The project was an electricity transmission line that would necessitate the passing of high tension cables over the lands belonging to the plaintiffs. The project having been duly carried out in 1985, the plaintiffs were duly paid for damage to crops and buildings. This was acknowledged by the three representatives of the plaintiffs who gave evidence for themselves and the other plaintiffs.
In 2004, the plaintiffs came to court to seek an order for valuation of their lands for the purpose of receiving payment for them. The valuation having been carried out, they brought suit at the court below contending that although they had been paid for damage to crops and buildings, they were entitled to payment for the land itself, not just what was on the land. There were two reasons for this: first, was the allegation that the land had been rendered unusable by reason of the high tension wires. In this regard, the plaintiffs also alleged that they were warned to keep off the pylons. The plaintiffs further alleged that as the buildings on the land within one hundred feet of the overhead transmission lines were demolished to create the right of way, it stood to reason that they could not build on the land, or farm thereat. Second, was the fact that as compensation was for farms and buildings, tenant farmers and farmers who had rented land were the ones eligible for compensation, not the land owners themselves - a matter that had worked injustice to land owners who could not use their lands.

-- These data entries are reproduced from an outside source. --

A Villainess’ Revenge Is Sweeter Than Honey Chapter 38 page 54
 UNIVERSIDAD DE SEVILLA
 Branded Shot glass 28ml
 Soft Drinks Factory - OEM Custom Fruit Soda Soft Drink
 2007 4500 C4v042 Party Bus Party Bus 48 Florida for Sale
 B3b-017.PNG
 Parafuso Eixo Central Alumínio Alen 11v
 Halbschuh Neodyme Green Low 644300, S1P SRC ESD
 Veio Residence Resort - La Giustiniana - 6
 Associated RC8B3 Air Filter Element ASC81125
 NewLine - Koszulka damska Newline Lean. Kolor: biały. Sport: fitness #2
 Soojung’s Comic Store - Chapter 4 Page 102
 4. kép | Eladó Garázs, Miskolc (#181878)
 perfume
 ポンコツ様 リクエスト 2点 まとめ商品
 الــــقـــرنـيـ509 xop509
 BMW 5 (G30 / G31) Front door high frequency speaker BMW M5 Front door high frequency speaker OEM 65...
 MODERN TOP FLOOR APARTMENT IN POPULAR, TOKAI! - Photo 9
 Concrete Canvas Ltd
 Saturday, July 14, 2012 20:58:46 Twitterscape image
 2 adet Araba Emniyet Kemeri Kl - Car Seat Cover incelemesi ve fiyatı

The plaintiffs also canvassed this point raised in support of their pleading of fraud, that the defendant had not followed due process in the whole process of creating a right of way for the use of the Government. This was because the Government had not passed an Executive Instrument for a right of way to be created for the use of the Government and its agencies, a requisite process under Act 186, the Lands (Statutory Wayleaves) Act, 1963, the legislation the defendants purportedly used in the process.
It was the case of the defendant which pleaded that as the lands of the plaintiffs were not acquired compulsorily, title thereto was still vested in the owners who could use the rest of the land not affected by the right of way. The defendant denied that the said lands had been rendered unusable and pleaded that the acreages attached to the plaintiffs’ land could not have been affected by the right of way used for the transmission lines as only a fraction was in fact used. In this regard, DW1 testified that the right of way corridor was thirty metres made up of fifteen metres on each side.
It was the further contention of the defendant that in any case, the parties had received payment for crops and buildings on their lands in accordance with Act 186, and could not be heard to come to court twenty years after the event to complain that they had been deprived of due compensation for their lands.
As aforesaid, the learned trial judge found that when the right of way was sought, the landowners were duly informed of it, and that the compensation for crops and buildings was duly paid. He therefore held that the defendant had not acted fraudulently. Having found thus, and furthermore, that the plaintiffs had received compensation for the right of way about twenty years previously with respect to damage to crops and buildings, the learned trial judge nonetheless held the plaintiffs entitled to payment of compensation again; this time, for the land itself.
Whether the learned trial judge’s reasons find support from the evidence is not a matter that we will concern ourselves with for reasons we will get into shortly.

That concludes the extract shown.